Céline Ehrwein, professeure d’éthique et ancienne députée, souligne que cette affaire révèle comment une autorité démocratique peut s’opposer à une autre autorité sans remettre en question sa légitimité. Pour abonder dans le même sens, cette situation met en évidence que le refus du canton d’exécuter des décisions qu’il estime injustes a démontré que la politique ne doit pas seulement être une question de respect des lois, mais aussi une question de respect des principes fondamentaux de justice et de solidarité. Ce type d’action peut inciter d’autres gouvernements à avoir une approche plus humaine et nuancée des lois, en tenant compte des contextes spécifiques et des conséquences humaines.

Selon le Rapport final de l’Etat de Vaud  publié le 27 juin 2016, sur les 543 personnes concernées (les 523 et les enfants nés après 2004), 469 ont été régularisées dont 30 ont obtenu une admission provisoire, 233 une autorisation de séjour, 20 une autorisation d’établissement et 186 personnes sont devenues Suisses.
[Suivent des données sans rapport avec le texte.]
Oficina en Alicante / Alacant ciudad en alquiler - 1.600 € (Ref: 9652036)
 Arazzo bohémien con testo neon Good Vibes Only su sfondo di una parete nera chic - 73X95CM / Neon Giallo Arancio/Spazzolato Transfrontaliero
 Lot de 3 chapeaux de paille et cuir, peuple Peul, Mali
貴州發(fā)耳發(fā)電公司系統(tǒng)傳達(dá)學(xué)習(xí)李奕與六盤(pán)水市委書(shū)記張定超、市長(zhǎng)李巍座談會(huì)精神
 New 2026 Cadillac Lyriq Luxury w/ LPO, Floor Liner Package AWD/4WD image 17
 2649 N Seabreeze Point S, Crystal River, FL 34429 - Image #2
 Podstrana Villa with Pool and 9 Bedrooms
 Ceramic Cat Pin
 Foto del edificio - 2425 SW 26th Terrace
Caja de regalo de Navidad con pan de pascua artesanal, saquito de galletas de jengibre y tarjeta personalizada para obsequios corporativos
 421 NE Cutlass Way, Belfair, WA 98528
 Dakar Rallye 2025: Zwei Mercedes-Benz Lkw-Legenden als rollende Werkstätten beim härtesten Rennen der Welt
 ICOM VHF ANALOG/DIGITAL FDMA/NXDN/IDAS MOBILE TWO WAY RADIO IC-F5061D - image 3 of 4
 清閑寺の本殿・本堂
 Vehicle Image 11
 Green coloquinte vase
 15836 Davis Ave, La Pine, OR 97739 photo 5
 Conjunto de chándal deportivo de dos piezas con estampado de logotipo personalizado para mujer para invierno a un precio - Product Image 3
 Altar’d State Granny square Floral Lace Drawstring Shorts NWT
Ce rapport révèle aussi que malgré les critiques concernant la politique de régularisation qui a été menée par le canton de Vaud, il est important de souligner que cette approche a permis à certaines personnes d’être rétablies dans leurs droits.

Yves Sancey souligne également dans son interview avec Le Courrier que certains des 523 qui étaient initialement menacés de renvoi, on obtenu leur permis de séjour puis ont joué un rôle clé dans le développement économique et social du canton de Vaud et de la Suisse. Ceci met en lumière que « ces personnes, souvent oubliées, ont bien contribué à la société, comme de nombreux autres migrants dans le pays ».

Aujourd’hui, certains partisans des renvois se cachent derrière les lois pour justifier leurs actions. Ils défendent l’idée que l’exécution de ces renvois est nécessaire pour maintenir l’ordre et respecter l’État de droit. D’autres, en revanche, plaident pour une évaluation plus nuancée des risques encourus par les personnes migrantes sujettes à ces renvois, notamment celles et ceux qui risquent la mort ou des persécutions une fois retournés dans leur pays d’origine.

Conclusion

« L’exception vaudoise » est un exemple frappant de la manière dont la solidarité et les politiques humanitaires peuvent l’emporter face à des décisions légales et administratives. Cependant, cette situation soulève des questions complexes sur l’équilibre entre la loi et l’humanité. Le cas des « 523 » nous rappelle qu’en matière de migration, chaque décision a des conséquences humaines profondes et qu’il appartient à chaque société de choisir ses priorités.